Hand-made marks allow a viewer to recreate in their mind the actions of the artist. In this way, the artist opens a portal through which a viewer can observe the artist’s perspective of the world. The history of the discipline of mark making offers a multitude of perspectives from which all artists and cultural makers can sample. Marks made without the hand illuminate processes in the world that give rise to actions. These processes become a surrogate for the hand and offer artists a new context for mark making. The Drawing and Painting Area fosters an environment of exploration and promotes a variety of approaches to art making, ranging from traditional media, such as oil paint on canvas, to experimental tactics that challenge the idea of tradition and blur boundaries between media. Moreover, the Drawing and Painting Area approaches material and conceptual explorations as inextricable and encourages students to carefully consider the implications of their decisions when making art.

Undergraduates: Students working towards a Studio Arts degree can select drawing or painting as their area of emphasis. The diverse faculty in the Drawing and Painting Area are working contemporary artists whose professional practices operate within the tradition while, at the same time, challenging the boundaries of drawing and painting.

An example undergraduate track through a drawing and painting concentration in two and a half years (after Foundations):
Year 1
First Semester: Beginning Drawing
Second Semester: Beginning Painting, Intermediate Drawing

Year 2
First Semester: Intermediate Painting, Figure Drawing
Second Semester: Advanced Drawing, Figure Painting

Year 3
First Semester: Advanced Drawing/Painting, Color Theory

Note: Figure Drawing, Figure Painting, and Color Theory can be taken at any time as they do not require pre-reqs beyond Foundations.
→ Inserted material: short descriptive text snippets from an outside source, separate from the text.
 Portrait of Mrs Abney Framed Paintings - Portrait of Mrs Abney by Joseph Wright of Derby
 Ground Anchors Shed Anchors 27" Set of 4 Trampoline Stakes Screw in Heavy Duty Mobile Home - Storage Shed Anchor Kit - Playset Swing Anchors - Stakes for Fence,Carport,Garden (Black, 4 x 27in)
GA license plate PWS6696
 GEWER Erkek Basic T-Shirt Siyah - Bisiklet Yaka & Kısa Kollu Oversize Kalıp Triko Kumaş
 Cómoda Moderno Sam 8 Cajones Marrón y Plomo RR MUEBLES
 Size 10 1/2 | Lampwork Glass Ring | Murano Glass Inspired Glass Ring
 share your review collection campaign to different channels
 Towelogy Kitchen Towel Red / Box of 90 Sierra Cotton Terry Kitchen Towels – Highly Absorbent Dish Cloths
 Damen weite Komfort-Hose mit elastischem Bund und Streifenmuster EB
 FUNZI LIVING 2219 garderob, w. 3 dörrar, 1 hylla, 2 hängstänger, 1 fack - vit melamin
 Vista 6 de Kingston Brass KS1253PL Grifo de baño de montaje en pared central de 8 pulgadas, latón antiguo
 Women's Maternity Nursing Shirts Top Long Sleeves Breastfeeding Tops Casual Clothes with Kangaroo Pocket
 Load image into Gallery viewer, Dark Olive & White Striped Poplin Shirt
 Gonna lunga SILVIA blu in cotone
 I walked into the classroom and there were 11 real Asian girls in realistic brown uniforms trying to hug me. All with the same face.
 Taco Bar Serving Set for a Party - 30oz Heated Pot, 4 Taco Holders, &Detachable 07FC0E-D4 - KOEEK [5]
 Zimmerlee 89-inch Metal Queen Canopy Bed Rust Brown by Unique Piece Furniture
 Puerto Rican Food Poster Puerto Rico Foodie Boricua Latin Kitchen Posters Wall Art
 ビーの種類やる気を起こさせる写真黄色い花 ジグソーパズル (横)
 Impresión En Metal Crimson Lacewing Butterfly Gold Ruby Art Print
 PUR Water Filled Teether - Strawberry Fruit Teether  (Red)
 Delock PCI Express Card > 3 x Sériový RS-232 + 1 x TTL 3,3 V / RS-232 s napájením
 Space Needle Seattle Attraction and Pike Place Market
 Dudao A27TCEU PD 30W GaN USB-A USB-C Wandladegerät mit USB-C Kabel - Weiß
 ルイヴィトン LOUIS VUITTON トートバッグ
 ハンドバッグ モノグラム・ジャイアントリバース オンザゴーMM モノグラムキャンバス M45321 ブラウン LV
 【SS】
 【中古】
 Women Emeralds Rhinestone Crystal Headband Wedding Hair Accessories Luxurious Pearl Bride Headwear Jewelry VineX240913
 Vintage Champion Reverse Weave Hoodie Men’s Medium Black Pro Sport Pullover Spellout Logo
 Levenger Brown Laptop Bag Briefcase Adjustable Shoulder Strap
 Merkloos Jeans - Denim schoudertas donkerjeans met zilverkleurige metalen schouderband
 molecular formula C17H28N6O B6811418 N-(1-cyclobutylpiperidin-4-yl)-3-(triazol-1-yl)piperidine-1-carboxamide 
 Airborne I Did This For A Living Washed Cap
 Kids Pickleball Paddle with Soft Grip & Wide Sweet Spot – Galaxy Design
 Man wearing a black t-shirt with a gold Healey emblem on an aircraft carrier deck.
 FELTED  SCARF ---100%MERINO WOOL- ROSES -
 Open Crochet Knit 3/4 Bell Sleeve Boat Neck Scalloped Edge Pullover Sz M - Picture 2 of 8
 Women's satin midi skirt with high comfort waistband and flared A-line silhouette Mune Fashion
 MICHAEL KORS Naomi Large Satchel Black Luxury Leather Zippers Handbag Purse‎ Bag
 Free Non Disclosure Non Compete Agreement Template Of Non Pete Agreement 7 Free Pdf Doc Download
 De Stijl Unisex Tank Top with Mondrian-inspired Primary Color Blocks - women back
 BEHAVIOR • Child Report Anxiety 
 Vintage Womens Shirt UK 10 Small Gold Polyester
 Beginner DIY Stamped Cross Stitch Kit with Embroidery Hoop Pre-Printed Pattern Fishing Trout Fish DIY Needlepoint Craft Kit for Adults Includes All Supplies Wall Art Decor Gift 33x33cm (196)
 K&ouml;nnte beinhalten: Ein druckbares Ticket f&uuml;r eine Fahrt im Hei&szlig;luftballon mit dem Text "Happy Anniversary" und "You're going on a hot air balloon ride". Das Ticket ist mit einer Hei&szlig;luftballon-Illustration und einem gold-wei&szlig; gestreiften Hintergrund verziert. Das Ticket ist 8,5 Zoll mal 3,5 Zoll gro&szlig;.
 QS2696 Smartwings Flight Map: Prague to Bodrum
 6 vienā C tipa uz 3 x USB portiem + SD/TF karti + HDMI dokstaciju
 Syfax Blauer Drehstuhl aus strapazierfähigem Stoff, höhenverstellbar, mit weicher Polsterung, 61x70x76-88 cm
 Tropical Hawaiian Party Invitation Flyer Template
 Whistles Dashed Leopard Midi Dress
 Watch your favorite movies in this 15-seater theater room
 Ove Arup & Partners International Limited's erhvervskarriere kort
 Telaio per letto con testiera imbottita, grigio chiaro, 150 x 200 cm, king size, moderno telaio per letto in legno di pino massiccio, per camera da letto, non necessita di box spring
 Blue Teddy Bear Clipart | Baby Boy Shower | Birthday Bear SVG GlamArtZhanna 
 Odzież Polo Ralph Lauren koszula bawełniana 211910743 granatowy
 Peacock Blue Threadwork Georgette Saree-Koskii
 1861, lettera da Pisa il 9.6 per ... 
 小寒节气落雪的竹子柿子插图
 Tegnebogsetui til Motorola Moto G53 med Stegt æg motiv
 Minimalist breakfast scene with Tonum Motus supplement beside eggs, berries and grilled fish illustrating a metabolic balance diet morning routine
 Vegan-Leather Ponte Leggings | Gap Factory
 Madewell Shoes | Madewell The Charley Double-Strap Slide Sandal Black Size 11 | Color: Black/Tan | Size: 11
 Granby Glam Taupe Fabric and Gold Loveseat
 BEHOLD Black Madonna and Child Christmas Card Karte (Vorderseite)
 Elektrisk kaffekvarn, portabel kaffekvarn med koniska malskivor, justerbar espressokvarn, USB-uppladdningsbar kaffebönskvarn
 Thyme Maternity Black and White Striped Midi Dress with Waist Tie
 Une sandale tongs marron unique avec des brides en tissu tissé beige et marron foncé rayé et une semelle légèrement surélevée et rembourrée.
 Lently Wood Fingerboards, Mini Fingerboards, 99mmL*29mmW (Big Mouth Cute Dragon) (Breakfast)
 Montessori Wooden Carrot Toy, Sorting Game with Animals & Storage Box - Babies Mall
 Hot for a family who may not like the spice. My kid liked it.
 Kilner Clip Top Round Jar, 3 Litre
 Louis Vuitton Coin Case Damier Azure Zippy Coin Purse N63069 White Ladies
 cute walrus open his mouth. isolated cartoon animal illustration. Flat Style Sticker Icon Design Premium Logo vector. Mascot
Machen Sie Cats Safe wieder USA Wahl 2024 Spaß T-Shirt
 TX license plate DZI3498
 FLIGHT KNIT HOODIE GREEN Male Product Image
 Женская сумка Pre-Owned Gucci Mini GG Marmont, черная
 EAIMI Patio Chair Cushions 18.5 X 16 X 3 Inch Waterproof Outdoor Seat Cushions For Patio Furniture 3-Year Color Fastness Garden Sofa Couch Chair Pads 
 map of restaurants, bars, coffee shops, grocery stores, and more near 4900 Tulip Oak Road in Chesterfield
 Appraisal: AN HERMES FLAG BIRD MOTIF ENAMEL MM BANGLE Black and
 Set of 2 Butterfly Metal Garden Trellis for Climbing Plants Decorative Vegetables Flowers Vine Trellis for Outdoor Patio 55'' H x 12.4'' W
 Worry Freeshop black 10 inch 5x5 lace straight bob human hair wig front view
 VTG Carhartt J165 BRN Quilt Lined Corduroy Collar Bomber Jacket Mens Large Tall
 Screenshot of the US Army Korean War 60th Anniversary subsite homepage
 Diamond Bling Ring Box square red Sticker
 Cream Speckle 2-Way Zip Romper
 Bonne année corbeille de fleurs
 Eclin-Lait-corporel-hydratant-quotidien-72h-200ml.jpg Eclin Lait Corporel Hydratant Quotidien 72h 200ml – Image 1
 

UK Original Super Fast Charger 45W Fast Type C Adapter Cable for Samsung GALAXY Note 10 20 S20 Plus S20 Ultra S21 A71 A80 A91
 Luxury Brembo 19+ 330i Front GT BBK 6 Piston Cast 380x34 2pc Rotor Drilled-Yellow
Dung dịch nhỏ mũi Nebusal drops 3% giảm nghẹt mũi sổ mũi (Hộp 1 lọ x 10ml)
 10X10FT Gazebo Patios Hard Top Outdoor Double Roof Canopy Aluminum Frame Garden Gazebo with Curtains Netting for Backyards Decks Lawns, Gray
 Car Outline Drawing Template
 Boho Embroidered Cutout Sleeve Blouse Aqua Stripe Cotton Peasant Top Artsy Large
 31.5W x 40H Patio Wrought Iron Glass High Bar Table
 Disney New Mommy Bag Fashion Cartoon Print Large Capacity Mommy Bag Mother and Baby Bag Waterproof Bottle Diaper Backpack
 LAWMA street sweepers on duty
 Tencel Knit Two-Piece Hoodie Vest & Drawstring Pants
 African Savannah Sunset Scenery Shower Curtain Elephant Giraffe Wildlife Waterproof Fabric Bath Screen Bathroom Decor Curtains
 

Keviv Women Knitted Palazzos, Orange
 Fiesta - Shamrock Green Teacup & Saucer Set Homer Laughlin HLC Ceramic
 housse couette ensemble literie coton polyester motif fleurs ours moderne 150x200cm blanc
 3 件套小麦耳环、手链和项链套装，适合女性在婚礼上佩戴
The area also offers a concentrated degree in drawing and painting in the form of a Bachelor of Fine Arts. This is a highly competitive degree and students must apply to the BFA program with a portfolio that displays a unique vision, internal drive, and advanced understanding of practice that sets them apart from the average studio arts major. Once accepted into the BFA program, students will be expected to develop technical proficiency in their media, engage in a critical dialog with their peers, investigate the conceptual underpinning of their own ideas and interests, and work closely with the full-time faculty. Every BFA student will be assigned a faculty mentor. This degree is intended for students that believe they want to be a professional in the arts community.

All students in the Drawing and Painting Area must show a rigorous commitment to their creative impulse and a willingness to foster their intellectual curiosity through their chosen media.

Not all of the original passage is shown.